A look forward to the June 1 week sees an absence of Fed policymakers as the communications blackout period around the June 9-10 FOMC meeting is in effect. As such, there will be no comments from the Fed about the tone of the week’s economic data, including the all-important monthly employment data for May.
The release of the Employment Situation for May at 8:30 ET on Friday will encompass the survey reference period through May 16. That should be sufficient to capture the worst of the increases in unemployment in recent weeks. I would anticipate another surge in the unemployment rate, although perhaps not the over 10 points to 14.7% in April from March. Some workers did get recalled when paycheck protection funding became available. Declines in payroll levels should be less severe as well. However, it will still be evident in the numbers that job losses have disproportionately affected lower wage workers, and that those workers on the margins who were finding jobs are once more being pushed out.
The ADP National Employment Report for May at 8:15 on Wednesday will be another hard one for private payroll. While the 20-million+ jobs lost in April is not expected to be repeated on that scale, layoffs were still widespread and massive.
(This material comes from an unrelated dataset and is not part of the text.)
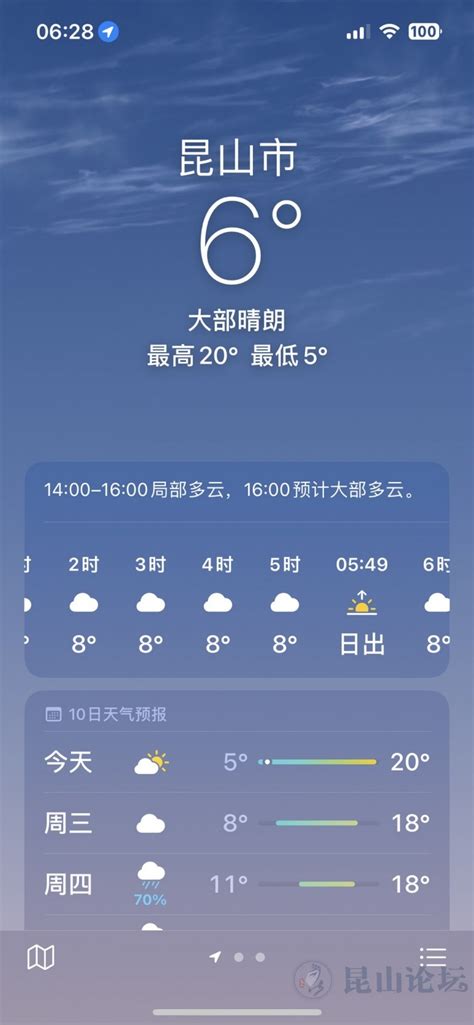 3月28日天气预报：昆山最高气温19度，又是好晴天|玉山广场 - 昆山论坛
The Challenger report on layoff intentions for May at 7:30 ET on Thursday should show that 2020 to-date has record numbers of layoff intentions announced. Surveys of manufacturing and service sector businesses hint that many are anticipating improved conditions six months from now, so it is possible that longer-term layoff intentions could have eased. However, with a deep recession just starting and high levels of uncertainty about the outlook, layoff intentions will still be numerous and across industries.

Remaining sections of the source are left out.